DATA EXTRACT
· · ·

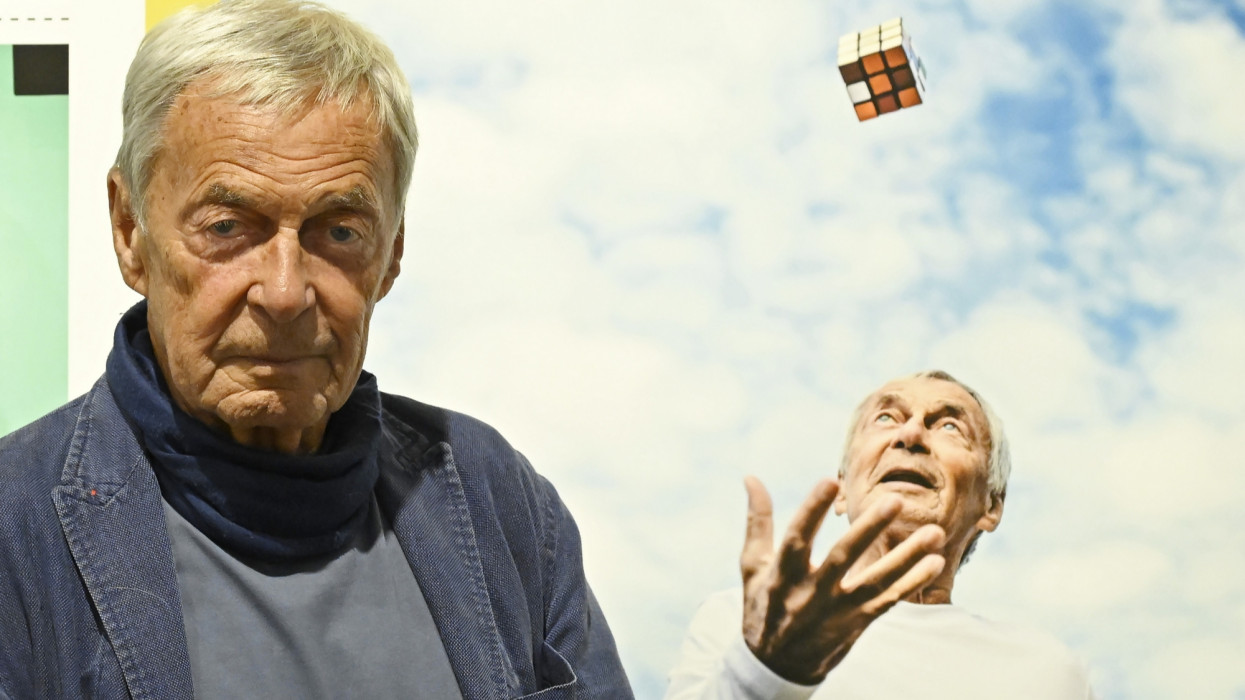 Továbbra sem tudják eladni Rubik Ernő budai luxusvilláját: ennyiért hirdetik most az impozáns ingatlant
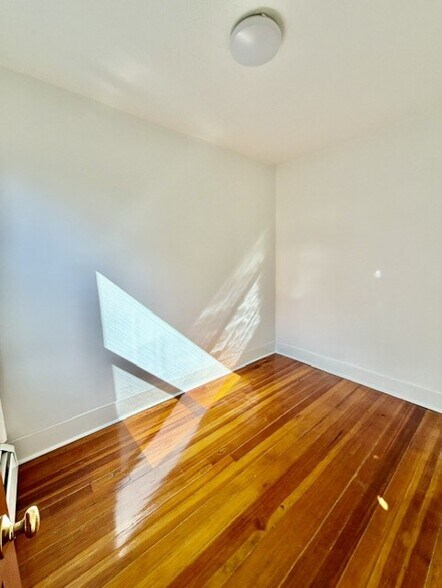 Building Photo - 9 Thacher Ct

· · ·

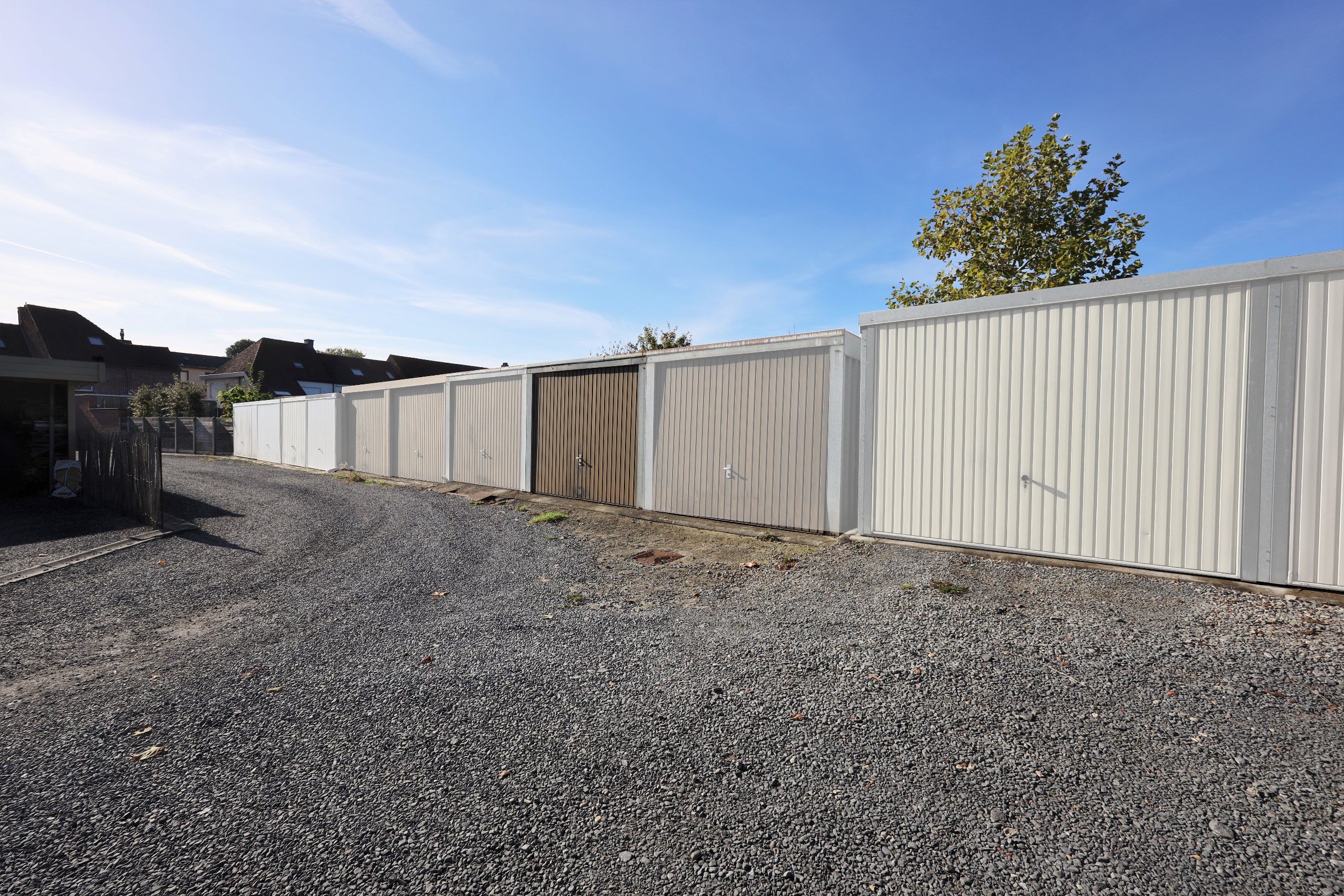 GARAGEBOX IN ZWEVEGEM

· · ·

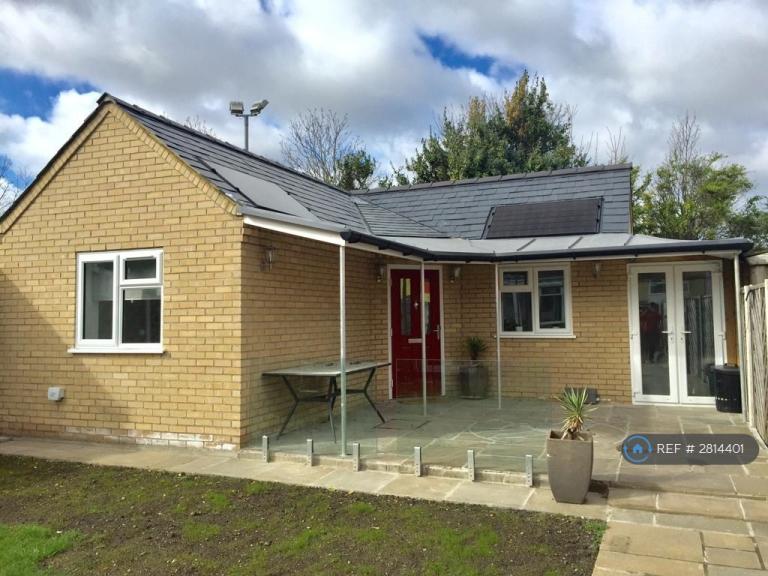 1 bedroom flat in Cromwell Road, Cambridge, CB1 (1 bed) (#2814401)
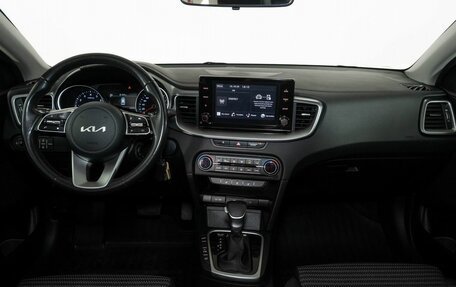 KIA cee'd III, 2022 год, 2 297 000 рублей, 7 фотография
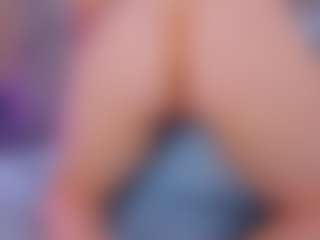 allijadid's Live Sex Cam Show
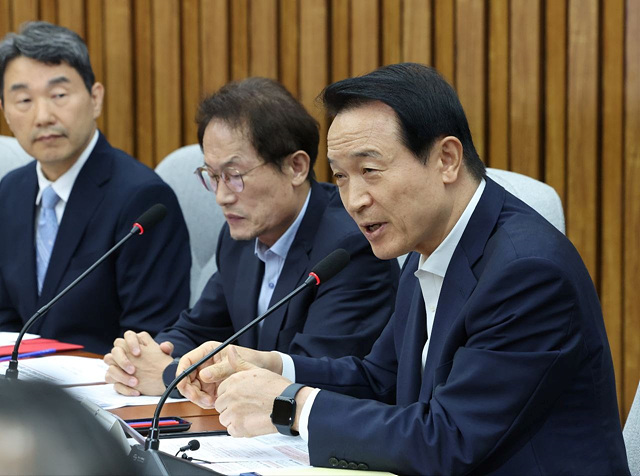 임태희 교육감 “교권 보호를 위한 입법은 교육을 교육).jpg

· · ·

TASK PROMPT
Leaving all pictures out, output exactly the lines of the material above from the line with "Továbbra sem tudják" to the line with "Building Photo - 9 Thacher Ct", both included.

RESPONSE TO THE TASK
 Továbbra sem tudják eladni Rubik Ernő budai luxusvilláját: ennyiért hirdetik most az impozáns ingatlant
 Building Photo - 9 Thacher Ct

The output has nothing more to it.